Взор синих глаз - страница 37

Шрифт
Интервал


– Ба, мисс Суонкорт, какой рискованный поступок! – закричал он и немедленно последовал ее примеру, выпрыгнув из кареты с другой стороны.

– Ах нет, совсем нет, – ответила она холодно, ибо загадочная сцена в усадьбе Энделстоу все еще занимала все ее мысли.

Стефан шел в одиночестве две-три минуты, так как его удерживала на расстоянии та строгая сдержанность, что прозвучала в ее голосе.

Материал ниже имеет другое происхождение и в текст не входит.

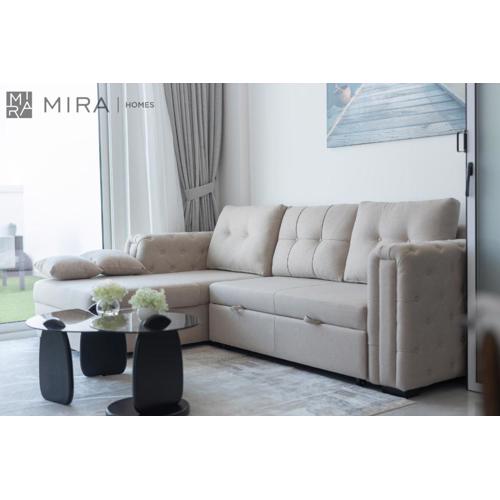 Mira Holiday Homes - Cosy 1 bedroom close to metro Al Furjan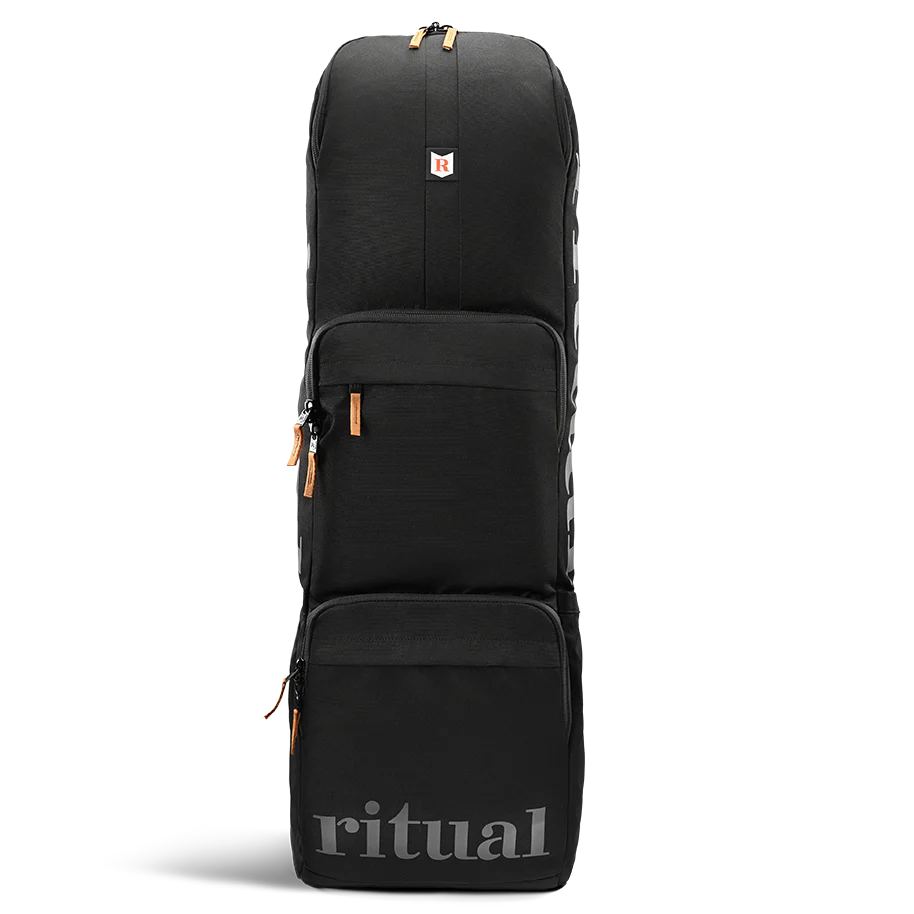 Mission Combo Hockey Stick Bag 2026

Затем, решив, по всей вероятности, что лишь девушкам к лицу дуться, он преспокойно обогнул экипаж, подошел к ней и с кастильской галантностью предложил ей идти с ним под руку, чтобы помочь одолеть оставшиеся три четверти пути в гору.

Это было искушение: впервые в жизни в подобной ситуации к Эльфриде отнеслись как ко взрослой молодой женщине – предложили ей руку, чтобы опереться, сделав это так, что за нею оставалось несомненное право согласиться или отказаться. До сих пор она никогда не удостаивалась особого мужского внимания, которое обычно ограничивалось такими бытовыми замечаниями, как «Эльфрида, дай-ка мне руку», да «Эльфрида, держись крепче за мою руку», которые она слышала от отца. Для ее неопытного сердца целая эпоха жизни заключалась в одном этом происшествии; она испытывала настоящую гамму противоречивых чувств и не могла выбрать, согласиться ли ей или ответить гордым отказом. В общем, ее чувства были за то, чтобы принять предложенную руку; и лишь одно из них, обида, уговаривало ее наказать Стефана и отказаться.

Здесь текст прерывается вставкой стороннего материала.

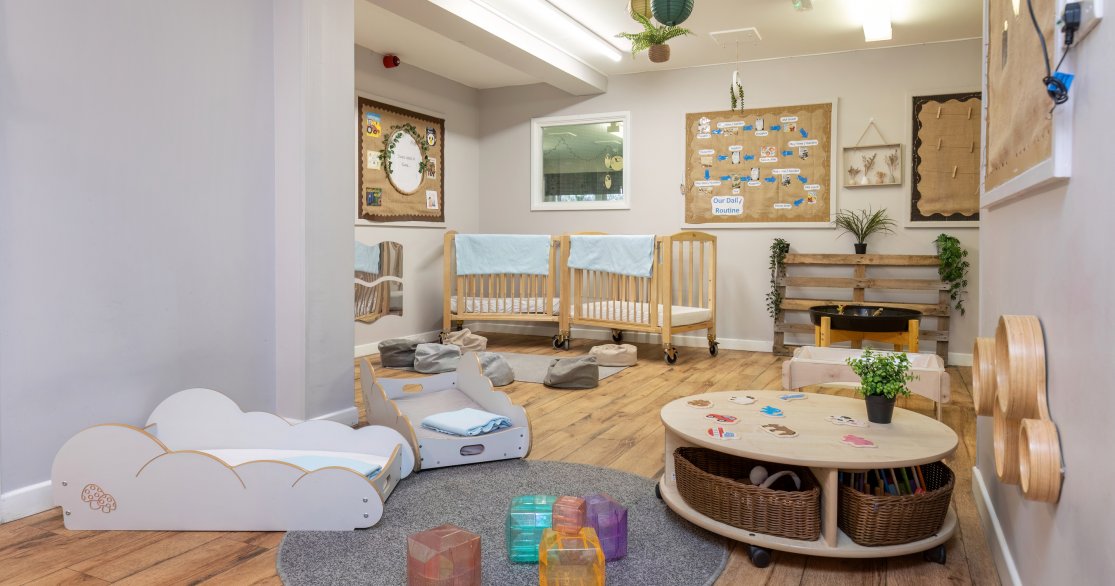 Busy Bees in Wootton Fields gallery photo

– Нет, благодарю вас, мистер Смит, я уж лучше дойду как-нибудь сама.

Это была первая слабая попытка Эльфриды запугать своего возлюбленного.

Однако, больше опасаясь результатов такого решения, чем того, что именно воспитанный молодой человек будет думать о ее своенравии, она тут же решила вознаградить себя отменой своего же приказа.

– Знаете, я тут подумала и решила принять вашу помощь, – сказала она.

Они стали медленно подниматься на холм, идя в нескольких ярдах позади кареты.

– Как вы молчаливы, мисс Суонкорт! – заметил Стефан.

– Возможно, я думаю о том, что и вы молчаливы тоже, – парировала она.

– У меня могут быть на то свои причины.

– Едва ли, ведь это печаль делает людей молчаливыми, а у вас нет никакой печали на сердце.

– Вы ничего не знаете: передо мной стоит большая трудность; хотя кто-то мог бы сказать, что это не трудность даже, а скорее дилемма.